Use Case & Evaluation:

  • The paper demonstrates the platform's utility with a use case involving data from Ireland and the United Kingdom.
  • Competency questions (e.g., "Find stations in a region," "Retrieve time series for multiple variables," "Find geographical context of a station") were used to evaluate the KG's ability to answer relevant climate research questions. SPARQL queries were formulated to answer these questions, demonstrating the KG's effectiveness. The need for future GeoSPARQL integration for complex spatial queries is noted.
  • A Web Interface provides documentation (Readme) and tutorials (Beginner's Guide) to help users, especially those unfamiliar with KGs or SPARQL, explore the platform.
  • Usability testing (31 participants) using a PSSUQ-based questionnaire showed positive results regarding the platform's understandability and perceived usefulness for climate researchers.
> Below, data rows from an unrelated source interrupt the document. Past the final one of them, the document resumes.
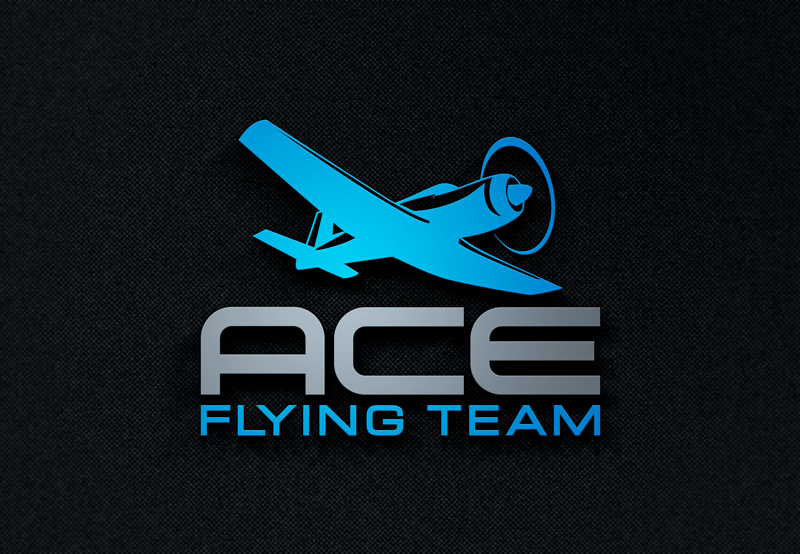 Logo Design by Madara Uchiha for this project | Design #19693529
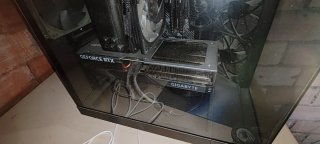 Gigabyte GeForce RTX 4070 Ti Gaming OC V2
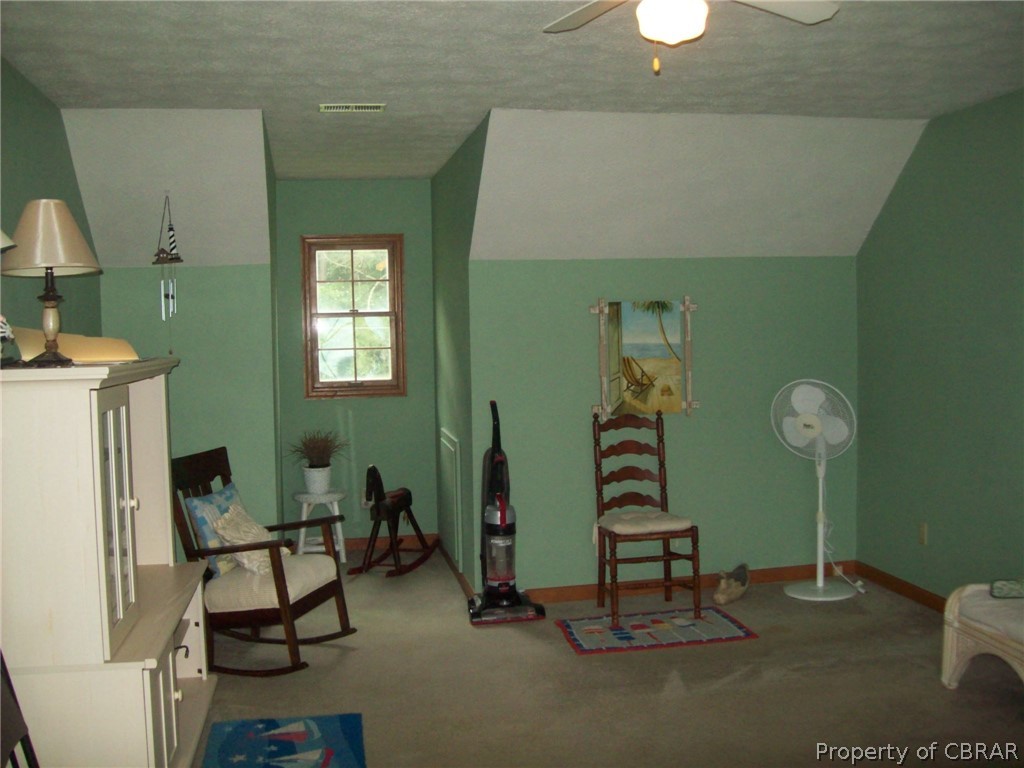 1361 Potato Neck Road Port Haywood, VA 23138 - Photo 25 of 31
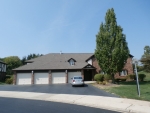 6138 Willowhill Rd #D Willowbrook, IL 60527 - Image 1728201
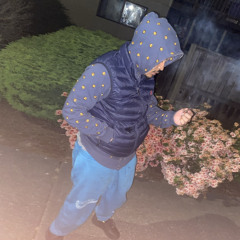 unkle $am x Henyo-Radiohead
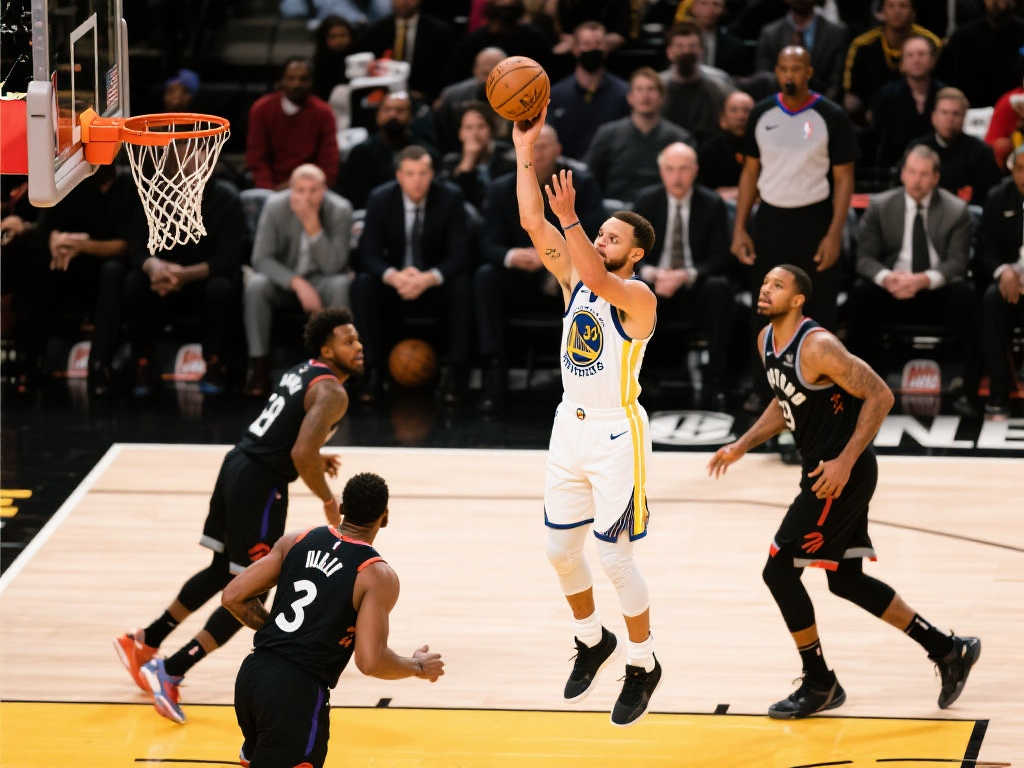 練場上還是 練場上還是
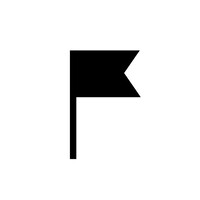 Best Life Adventures Logo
Feedback suggested improvements like embedding query interfaces and providing clearer visual outputs.

Contributions:

  • An open KG for NOAA data, enhancing explainability.
  • Integration of heterogeneous sources (climate, geographic, encyclopedic) using Linked Data.
  • Automated synchronization mechanism.
  • A Web interface for user guidance and exploration.

Future Work:

  • Incorporate user feedback to improve the web interface.
  • Extend the CA ontology to integrate more data sources (e.g., remote sensing, air pollution, NetCDF data).
  • Explore semi-automatic ontology alignment methods.
  • Implement GeoSPARQL for enhanced geospatial querying.